Two winners and two runners-up will receive backer pledges for Shroud of the Avatar. All entries, though, will remain the property of Garriott.
In 1977, Garriott's father told his son that if he could create a working role-playing game, he would split the cost of an Apple 2 computer with him.
"That's what motivated me to make sure D&D #1 worked so well," Garriott said.
The game was created to run on the teletype machine at Clear Creek High School, in Houston, Texas, he said.
"No teacher in the school knew how to use it," he said. "So I had the classroom to myself one period every day. It counted toward my foreign language credit."
Garriott programmed the machine by typing the basic code into a terminal onto paper tape spools. Those strips of paper were then read into a second terminal that was connected to an offsite PDP-11, a 16-bit minicomputer, via a modem.
"When the game started it would print out a 10-by-10 grid around you the player," he said. "When you typed E for east, you would have to wait for 20 seconds for it to reprint the new map around you.
"So you had to think about the real-time mental state of the player and feed them at a pace to keep them engaged. When you are doing these things on paper, it's much more methodical in the sense of strategy. Instead of reacting impulsively, you're already forced to wait 20 seconds, spending another five examining your surroundings is not a big sacrifice."
The game used ASCII characters as graphics for the dungeon, the player, and the treasures and monsters a player encountered in the game. Asterisks were the walls, spaces were corridors and rooms, $ denoted a chest, U an up ladder, D a downladder, for instance.
"It still looked like tile graphics," Garriott said.
The end result was one of the first computer role-playing games ever created. It was also the game that both launched Garriott's eventual career and the Ultima series.
Over the proceeding years, Garriott went on to create D&D #2 through D&D #28. He later rewrote D&D #28 for the Apple 2 as D&D #28b. That game was later packaged in ziplock bags and sold in a computer store as Akalabeth.
Garriott said he came up with the idea for the contest after visiting a large barn he owns which is packed with all of the design documents he used to create every game he ever made.
"I have one copy of every game in there," he said. "One version of every piece of marketing material for all of those games for all of the countries it was published in."
But that original game, the very first of his role-playing titles, hasn't been played since the retirement of the teletype in 1979, when Garriott made the final printout of the game's code.
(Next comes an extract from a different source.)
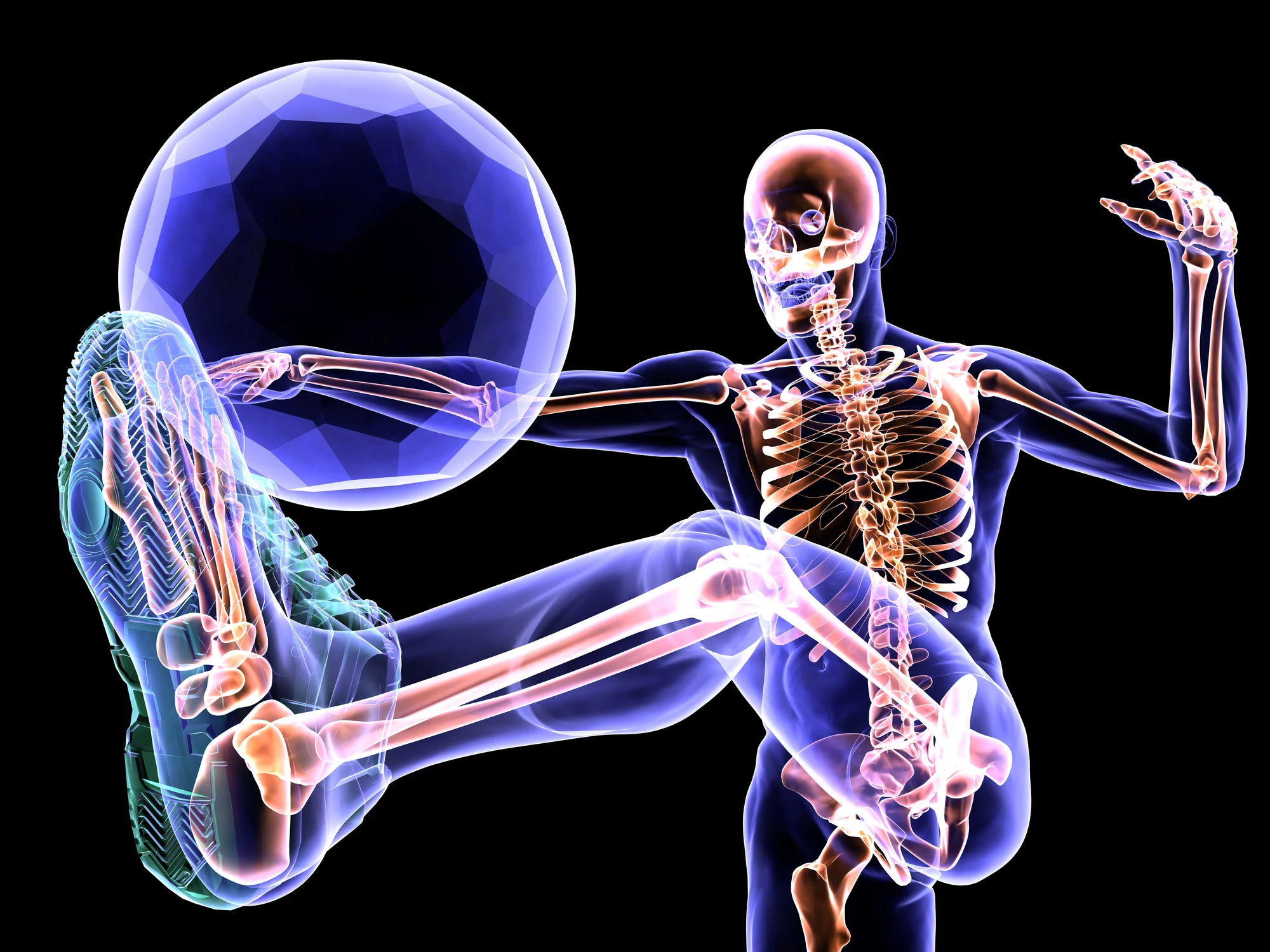 Training for durable athletic performance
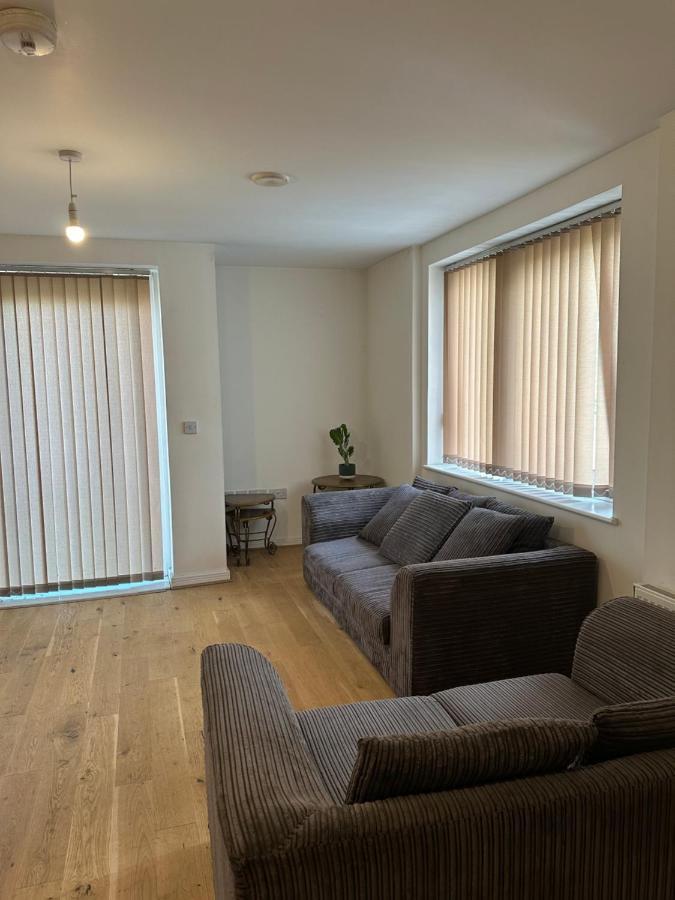 New Build 2 Bedroom With 2 Bath In London Londres Exterior foto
And that's why Garriott is doing this contest.
"The goal would be to see it run again, to resurrect this game that is arguably amongst the first," he said.
The contest will reward the creator of the best Unity port of his game and the best plug-in browser port. The winners will receive a Citizen level pledge reward, valued at $550, for Shroud of the Avatar. The runners-up in both types will receive a $165 Collector level pledge. You can grab the original code and check out the full rules and deadline over on the game's website.
Garriott said he's excited to see how people set about porting the game, though he doubts anyone will fall back on the original mechanic of requiring players to print out the map every time a move is made.
"That would be great and a little funny too," he said. "It would force you back into the old school ways of playing it, but it would also chew on paper in a way that exceeded even the original."